Lorena Wiebes repeats one word when asked about 2019 – “crazy”.
Whether it’s beating Marianne Vos to become Dutch national champion at the tender age of 20, or amassing 19 wins, her rise to the very top of women’s cycling has been nothing short of sensational this season. Eight of those 19 wins were in World Tour races, with a further three podiums to add, in high profile races such as Ride London, Gent Wevelgem (second), the Boels Ladies Tour and Tour of Chongming Island.
And Wiebes readily admits her sprinting prowess came as a shock, even to her: “I am really grateful with how the year went and so grateful for my teammates who helped me as much as possible. From 2018 to 2019, I wanted to make a step up, but this? This was a big step! It’s crazy and I really didn’t expect it.
“Nationals was my best win – the whole team were on the start line and they did everything to help me win, it was a team effort. The European Games were also special.”
In both victories, Wiebes beat Vos – one of the best riders in history – who was back to her very best in 2019 with 19 wins and the World Tour title.
“I have always looked up to her,” Wiebes continued. “She is the biggest woman in cycling, even still now. In the moment at Nationals, I didn’t realise what I had achieved. You are so focused on winning the race and to finish the teamwork off. Then it hits you.”

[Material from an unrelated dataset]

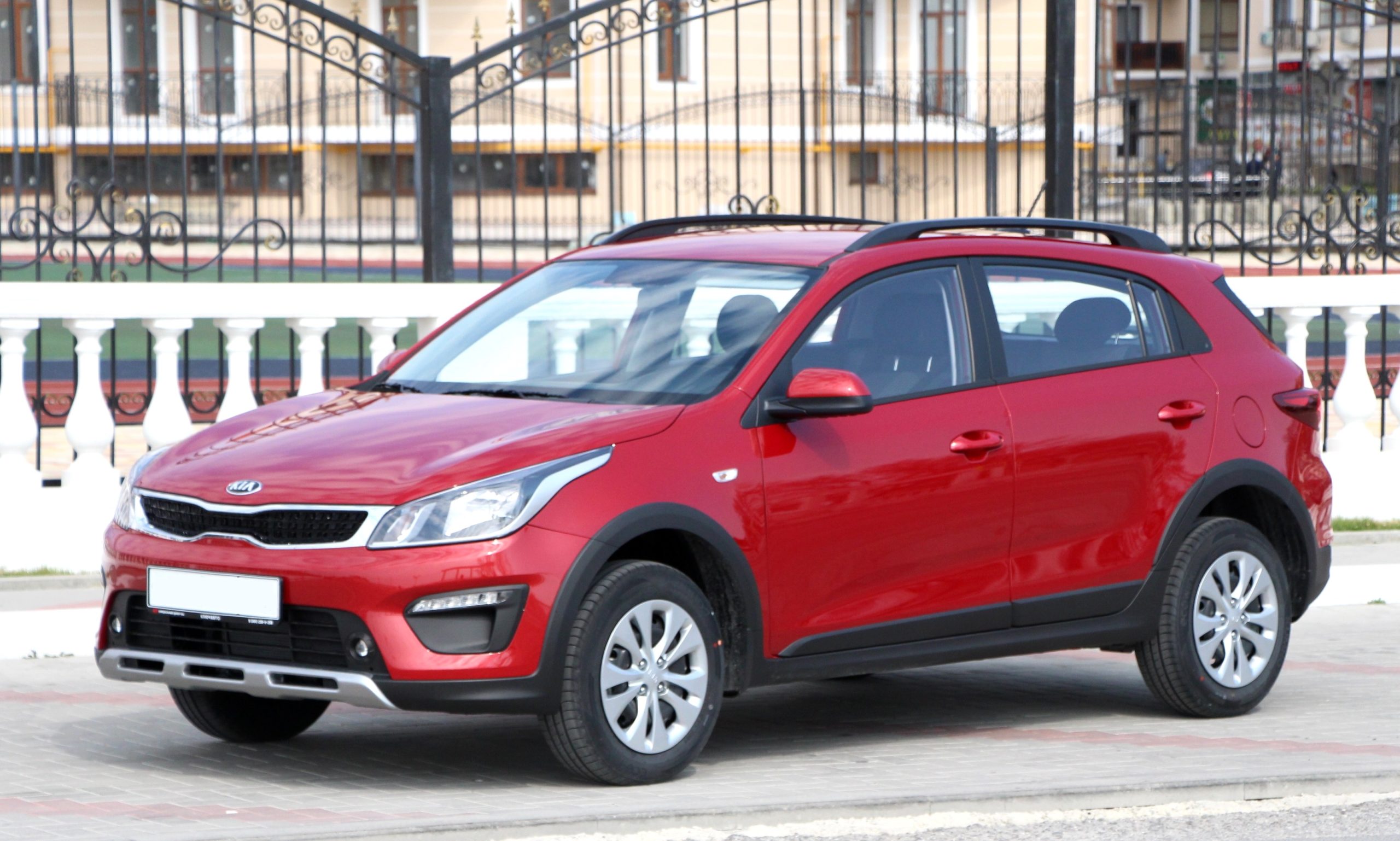 Kia Rio X-Line 2019 красная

At World Tour level, Wiebes claimed a clean sweep of three stage wins and the overall title at the Tour of Chongming Island, as well as victories in Ride London, two stages of the Boels Ladies Tour and one stage in the Ladies Tour of Norway. And she has more races on her hit list for next season too.
She explained: “I want to win more World Tour races but also be better in races like Amstel Gold. That’s a long-term goal – to be better at more punchy races. Gent Wevelgem, Drieedaagse de Panne and Omloop het Nieuwsblad are targets next year. But the biggest goal of all is to be the best sprinter in the world.”
But before we get in to all that, the off-season stretches in front of us and Wiebes could be forgiven for sitting back and basking in glory at the end of a stellar 2019. And after a holiday to Aruba with friends, sunbathing and island-hopping, she was suitably relaxed. But since it has been hectic and we aren’t just talking about her kickboxing lessons, national cyclocross races and high intensity training.
She is also dealing with the realities of the sport of cycling and life as a professional rider. Wiebes signed a three-year deal with Parkhotel Valkenburg in 2018, after one season with the team now ranked seventh in the world.
Her contract is due to end in 2020, but she is currently in negotiations to break free to join another team. She is in high demand – and rightly so. Five World Tour outfits are currently showing interest – with CCC Liv, Trek Segafredo and Team Sunweb already named in the media – as her stock has well and truly risen.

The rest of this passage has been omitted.